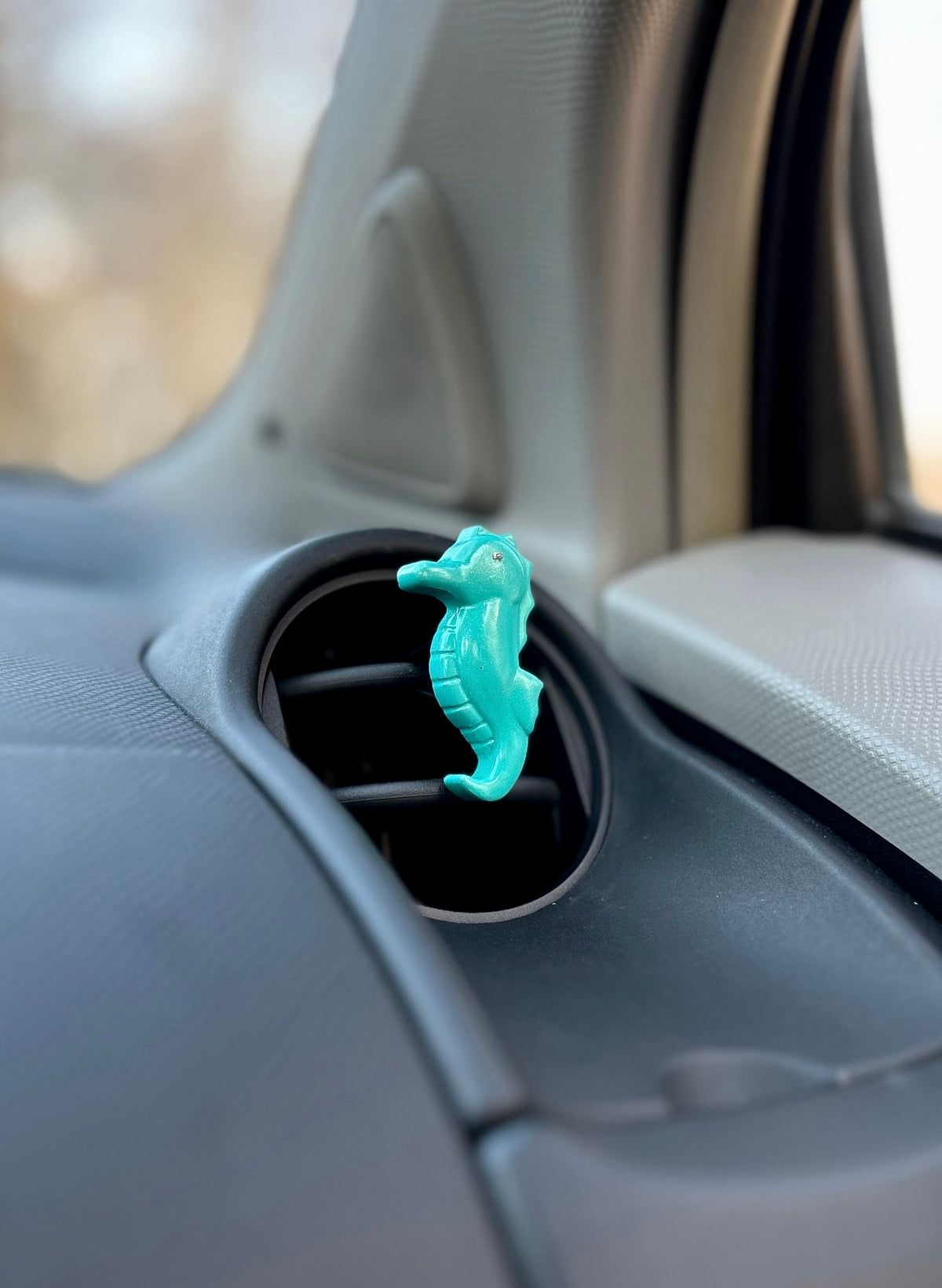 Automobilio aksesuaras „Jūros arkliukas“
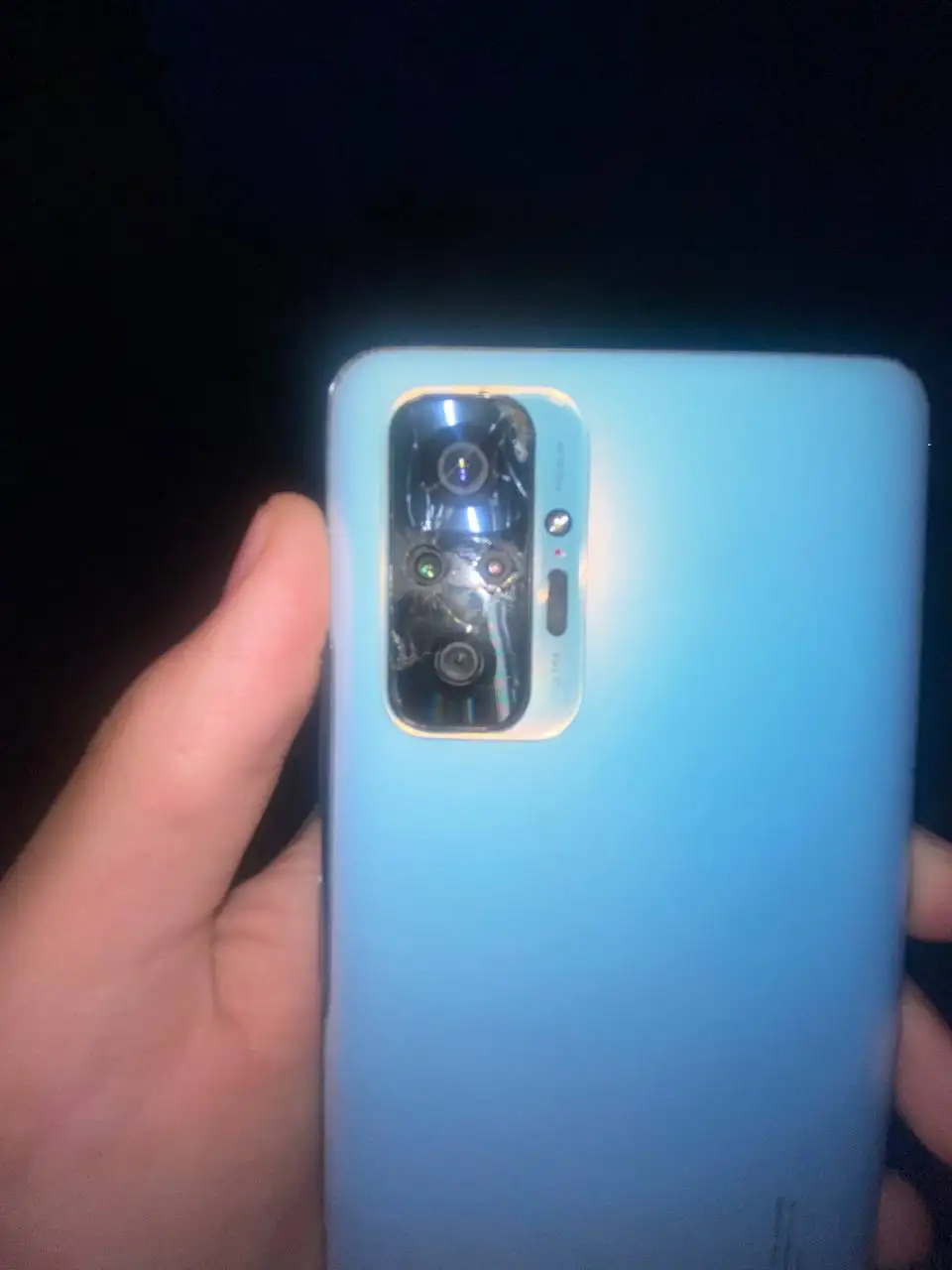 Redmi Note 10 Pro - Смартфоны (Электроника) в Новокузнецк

...

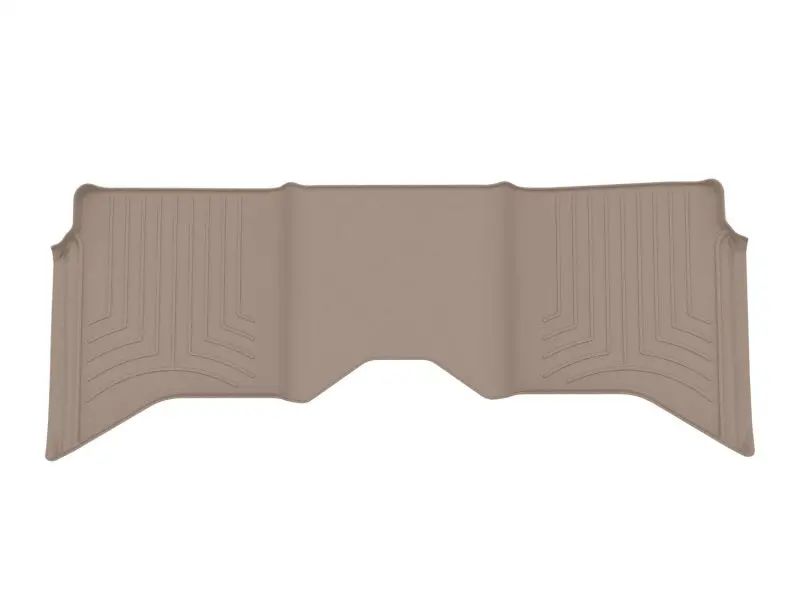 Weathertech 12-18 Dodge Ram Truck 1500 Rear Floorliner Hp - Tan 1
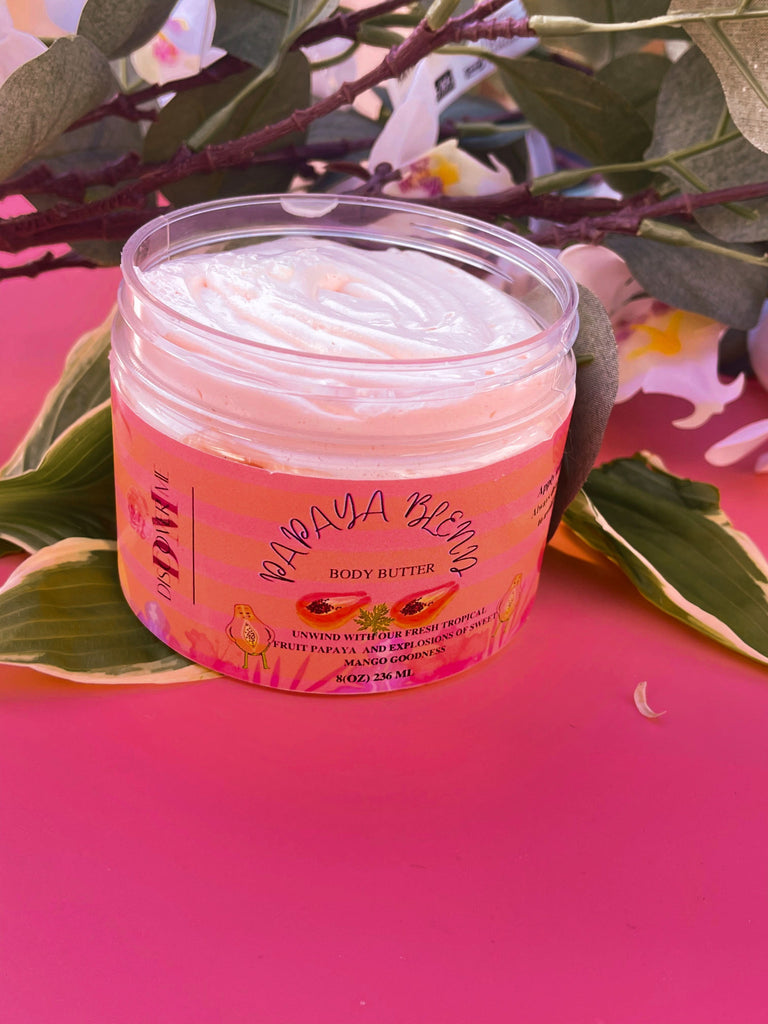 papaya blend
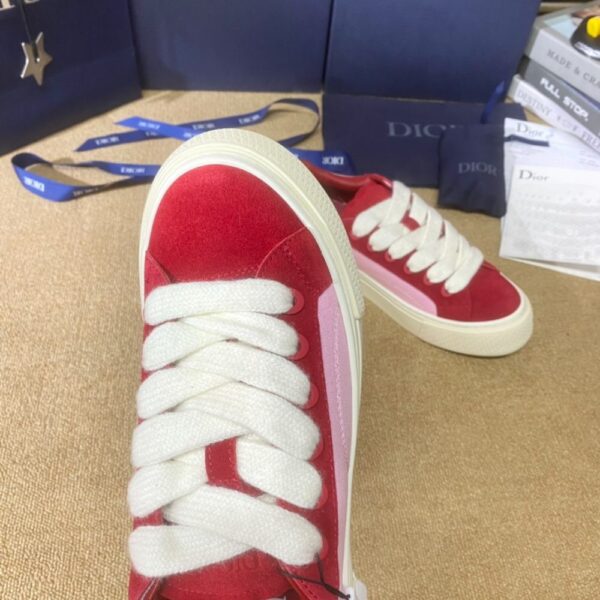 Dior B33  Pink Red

---

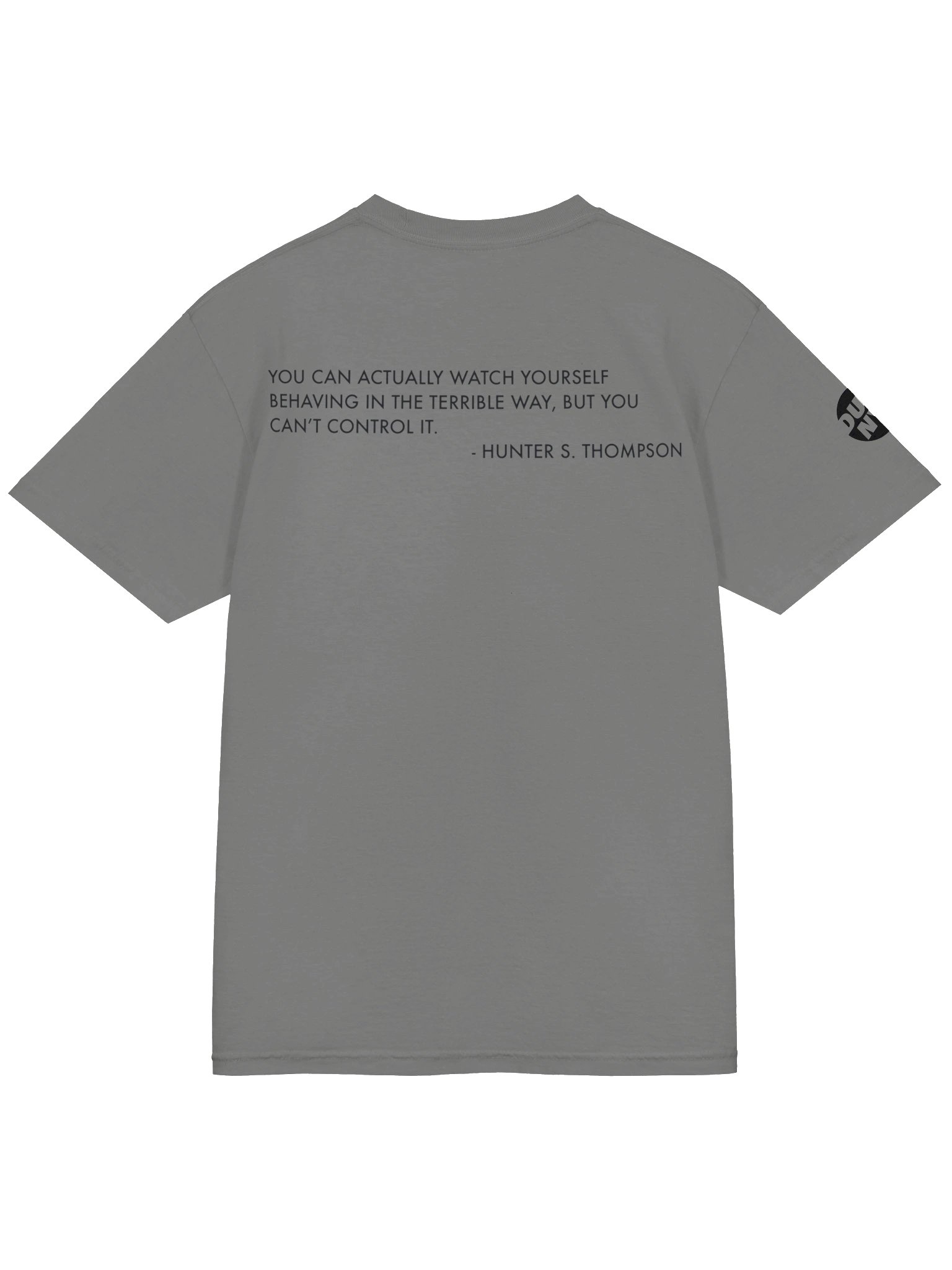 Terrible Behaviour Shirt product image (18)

-- Exercise brief --
Write down exactly what the lines above say, from the line holding "Automobilio aksesuaras „Jūros" through the line holding "Redmi Note 10", and nothing more. Do not copy the pictures.

-- Response to the task --
 Automobilio aksesuaras „Jūros arkliukas“
 Redmi Note 10 Pro - Смартфоны (Электроника) в Новокузнецк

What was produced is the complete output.